MattSayler · ‎08-09-2013

Looks like two threads were merged? Not seeing a reason.

LauraMiles1 · ‎08-09-2013

Hi Stacy, after some more testing I've found some things are causing issues: empty data frames, and standalone tables. Both cause the script to throw an error. I am certain that in the one folder I was doing testing on, the script was inconsistently stopping at different places. It's very strange indeed. This folder had an .mxd with no data/layers on it - once I found and deleted that, my script runs beautifully.

So my issue now is how to test for empty data frames and standalone tables, and to skip over those items.

LauraMiles1 · ‎08-09-2013

Another update: after more testing, I think it must have been a corrupted .mxd that happened to have an empty data frame that was causing the issue. I do still have trouble with standalone tables though. The error seems to suggest that you can't even test on this data type to see if it supports the dataSource property:

Traceback (most recent call last):
File "X:\Documents\Working Files\Broken Data Sources\ListBrokenDataSources.py", line 24, in <module>
if brknItem.supports("dataSource"):
AttributeError: 'TableView' object has no attribute 'supports'

LaurenYee · ‎08-09-2013

How many mxds and folders are you looping through?

I would try and start replacing the broken datasources...and then leave the remaining mxds where it fails alone and look at these indvidiually.
Unless of course there is a large number of mxds, then refine the code!

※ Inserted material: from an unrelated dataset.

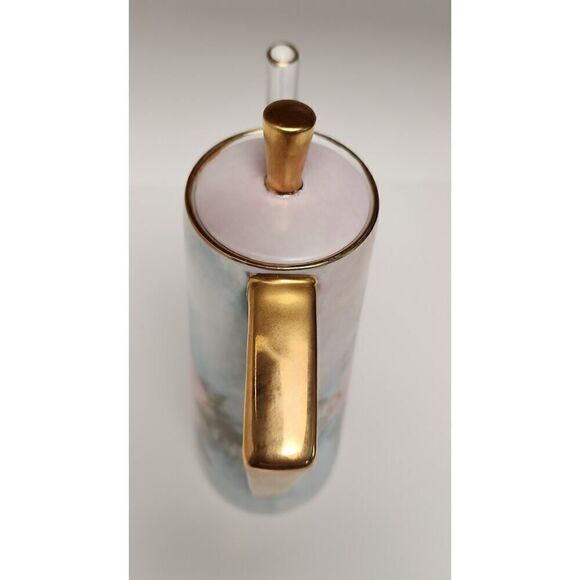 VINTAGE 1970s HAND PAINTED COFFEE TEA POT, ROSES & GOLD - Picture 4 of 14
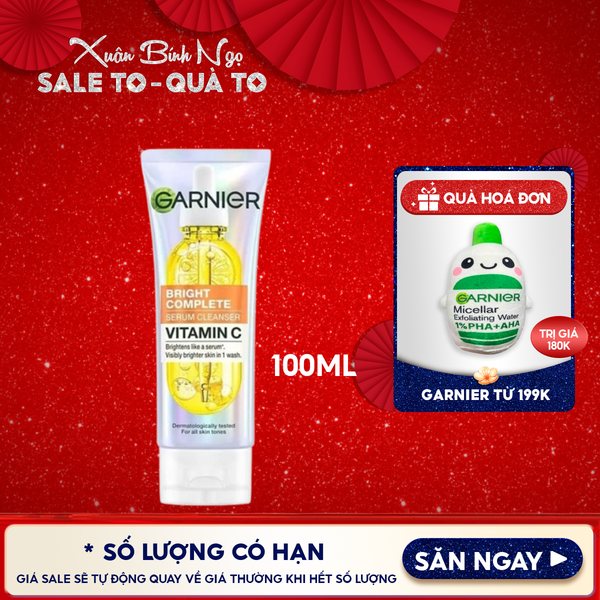  Sữa Rửa Mặt Garnier Tạo Bọt Hỗ Trợ Dưỡng Sáng Da Light Complete Brightening Whip Foam 100ml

Perhaps there is a way to cycle through the TOC and only check datasources for those layers that are say: shapefiles or .sdes?
And ignore all the tables. Just a thought!

LauraMiles1 · ‎08-09-2013

Hi Lauren, there are a LOT of .mxd's to go through. In the 2003 folder alone, there are 300...and we have a folder for every year from 2001 until now. I can handle checking into a particular .mxd wherever it fails, if that's necessary, but ideally I'd like to set up a test to skip over any tableViews. If I take out the following code:

                if brknItem.supports("dataSource"):
                    f.write(", " + brknItem.dataSource + "\n")

And add writing the dataSource back in with the full path and item name, the script will write the paths for the tableView items fine. So I need to find a way to skip this test if the dataset is a tableView, but I don't know the syntax. Pseudocode would be something like:

If broken item is a tableView,
write dataSource
else
if brokenItem.supports("dataSource")
write dataSource

The issue now is the brokenItem.supports test throws an error if the dataset is a tableView. This makes sense, as a tableView does support dataSource so why would you test for it, right?